= YOUR TASK =
What is needed is each line of the data below that holds the string "Hotel".

Dataset records
■ ■ ■ ■ ■

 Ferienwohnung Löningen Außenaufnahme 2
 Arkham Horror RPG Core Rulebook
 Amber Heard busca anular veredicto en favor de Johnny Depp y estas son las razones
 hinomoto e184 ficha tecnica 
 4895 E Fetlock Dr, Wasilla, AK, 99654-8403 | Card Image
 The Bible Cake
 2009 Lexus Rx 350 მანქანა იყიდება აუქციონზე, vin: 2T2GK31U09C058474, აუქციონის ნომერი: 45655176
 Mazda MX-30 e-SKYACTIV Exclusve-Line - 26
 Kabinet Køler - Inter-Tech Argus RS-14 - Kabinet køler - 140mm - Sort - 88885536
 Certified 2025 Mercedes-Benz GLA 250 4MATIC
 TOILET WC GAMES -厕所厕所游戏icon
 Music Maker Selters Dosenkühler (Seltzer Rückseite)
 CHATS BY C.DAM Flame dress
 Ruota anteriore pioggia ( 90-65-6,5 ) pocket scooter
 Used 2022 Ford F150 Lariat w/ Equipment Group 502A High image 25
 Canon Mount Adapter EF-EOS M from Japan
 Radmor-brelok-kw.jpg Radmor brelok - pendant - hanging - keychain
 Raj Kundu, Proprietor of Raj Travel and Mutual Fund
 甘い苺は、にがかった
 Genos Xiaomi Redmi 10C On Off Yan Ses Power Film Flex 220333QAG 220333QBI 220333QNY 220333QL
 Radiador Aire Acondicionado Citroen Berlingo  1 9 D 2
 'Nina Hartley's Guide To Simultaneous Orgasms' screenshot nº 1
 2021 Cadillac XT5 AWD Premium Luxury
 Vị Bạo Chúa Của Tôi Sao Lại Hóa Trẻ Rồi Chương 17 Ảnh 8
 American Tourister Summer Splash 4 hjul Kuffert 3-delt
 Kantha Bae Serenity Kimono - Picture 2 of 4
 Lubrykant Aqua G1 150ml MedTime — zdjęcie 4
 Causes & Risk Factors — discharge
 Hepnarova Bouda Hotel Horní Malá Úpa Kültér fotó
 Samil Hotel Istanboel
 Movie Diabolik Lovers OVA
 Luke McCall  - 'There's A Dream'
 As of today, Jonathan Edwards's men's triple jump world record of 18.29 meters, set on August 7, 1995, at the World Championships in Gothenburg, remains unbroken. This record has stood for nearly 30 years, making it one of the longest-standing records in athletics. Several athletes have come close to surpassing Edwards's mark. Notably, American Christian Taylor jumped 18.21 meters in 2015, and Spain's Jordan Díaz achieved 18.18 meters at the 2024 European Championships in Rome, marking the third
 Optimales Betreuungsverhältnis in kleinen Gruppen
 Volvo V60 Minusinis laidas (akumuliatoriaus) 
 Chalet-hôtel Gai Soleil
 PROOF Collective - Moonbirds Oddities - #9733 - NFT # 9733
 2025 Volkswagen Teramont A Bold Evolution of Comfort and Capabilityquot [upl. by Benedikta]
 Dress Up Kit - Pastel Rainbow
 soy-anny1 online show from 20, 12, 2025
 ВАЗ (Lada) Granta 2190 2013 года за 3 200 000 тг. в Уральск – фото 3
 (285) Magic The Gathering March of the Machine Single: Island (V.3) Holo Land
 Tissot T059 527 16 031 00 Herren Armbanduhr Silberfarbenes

■ ■ ■ ■ ■

= SOLVED PROBLEM =
 Hepnarova Bouda Hotel Horní Malá Úpa Kültér fotó
 Samil Hotel Istanboel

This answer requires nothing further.